Background & Motivation

Industrial anomaly detection (ADS) has experienced rapid growth since the release of MVTec AD (172 top-venue papers within five years), yet existing benchmarks leave two critical industrial pain points unresolved:

2D anomaly maps are insufficient for 3D localization: Existing benchmarks (MVTec AD/3D-AD, etc.) produce 2D anomaly maps from a single viewpoint. Industrial automation, however, requires precise 3D localization of defects for automated repair, necessitating multi-view observation and anomaly score prediction within a 3D voxel grid—i.e., an Anomaly Volume.

Multi-instance training data collection is costly and unnecessary: Existing benchmarks require multiple training samples to capture normal-instance variability. In manufacturing, objects are highly consistent (replicated from the same CAD prototype), so a single normal instance contains all information needed for detection.
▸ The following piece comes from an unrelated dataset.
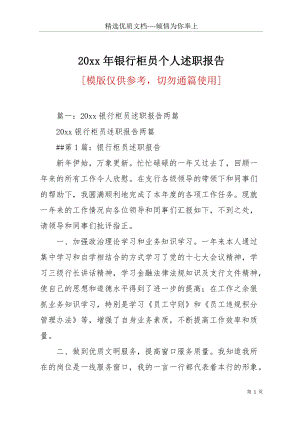 20 xx年銀行柜員個人述職報告(共22頁).docx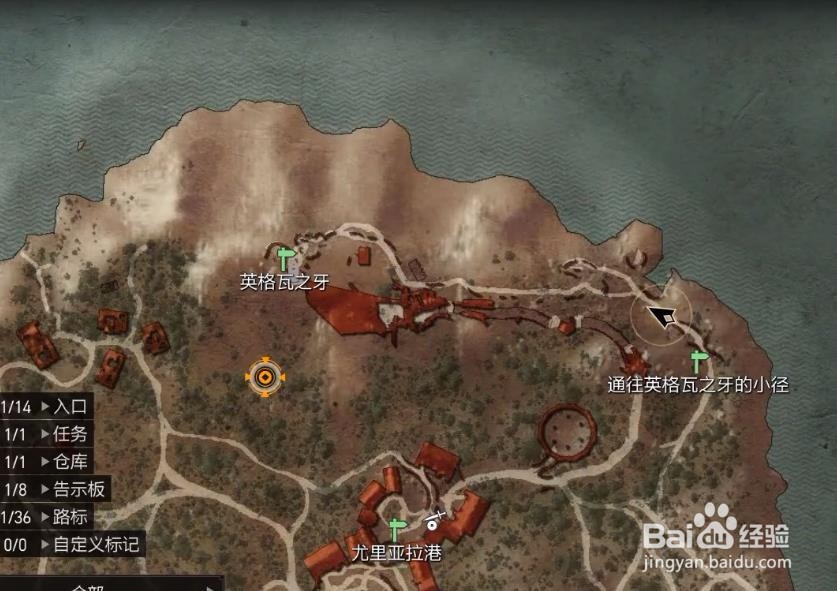 巫师3 支线 战士之路 任务攻略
Moreover, recollecting large datasets after a production line changeover is prohibitively time-consuming.

The synthetic-to-real gap is unexplored: No prior ADS benchmark has investigated cross-domain generalization from CAD-rendered synthetic training data to real-object testing—a setup of high practical value in industry.
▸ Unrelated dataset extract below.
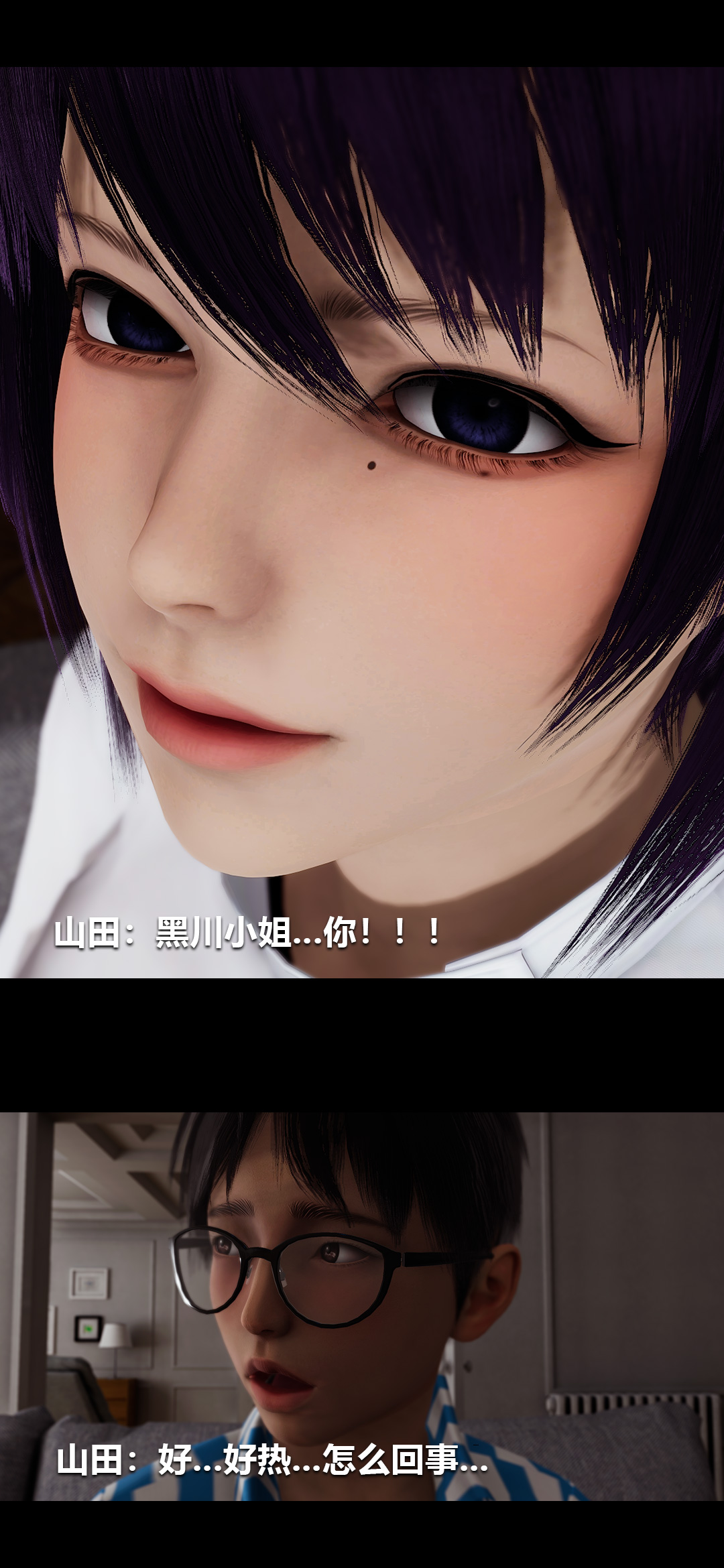 [韩国漫画] 榨精病栋3D 剧情,熟女人妻#[15P]-1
Core insight: The paradigm shift from 2D anomaly maps to 3D Anomaly Volumes, combined with single-instance training and synthetic-to-real evaluation, better reflects real industrial requirements. SiM3D addresses this gap through industrial-grade sensors and a carefully designed acquisition pipeline.

Method

Overall Architecture

SiM3D contributes a benchmark and adapts existing methods rather than proposing a new algorithm. The framework comprises four core components:

(1) Data Acquisition - Sensor: ZEISS Atos Q industrial 3D scanner (stereo pair of 12 Mpx grayscale cameras + light projector) mounted on a high-precision industrial robot arm. - Acquisition: Each object is scanned 360°, covering 12–36 viewpoints sampled from a concentric hemisphere. - Output per viewpoint: grayscale image (\(4096 \times 3000\) px), point cloud (~7 M points, 0.04–0.15 mm spacing), and known pose; each scan also provides an integrated mesh.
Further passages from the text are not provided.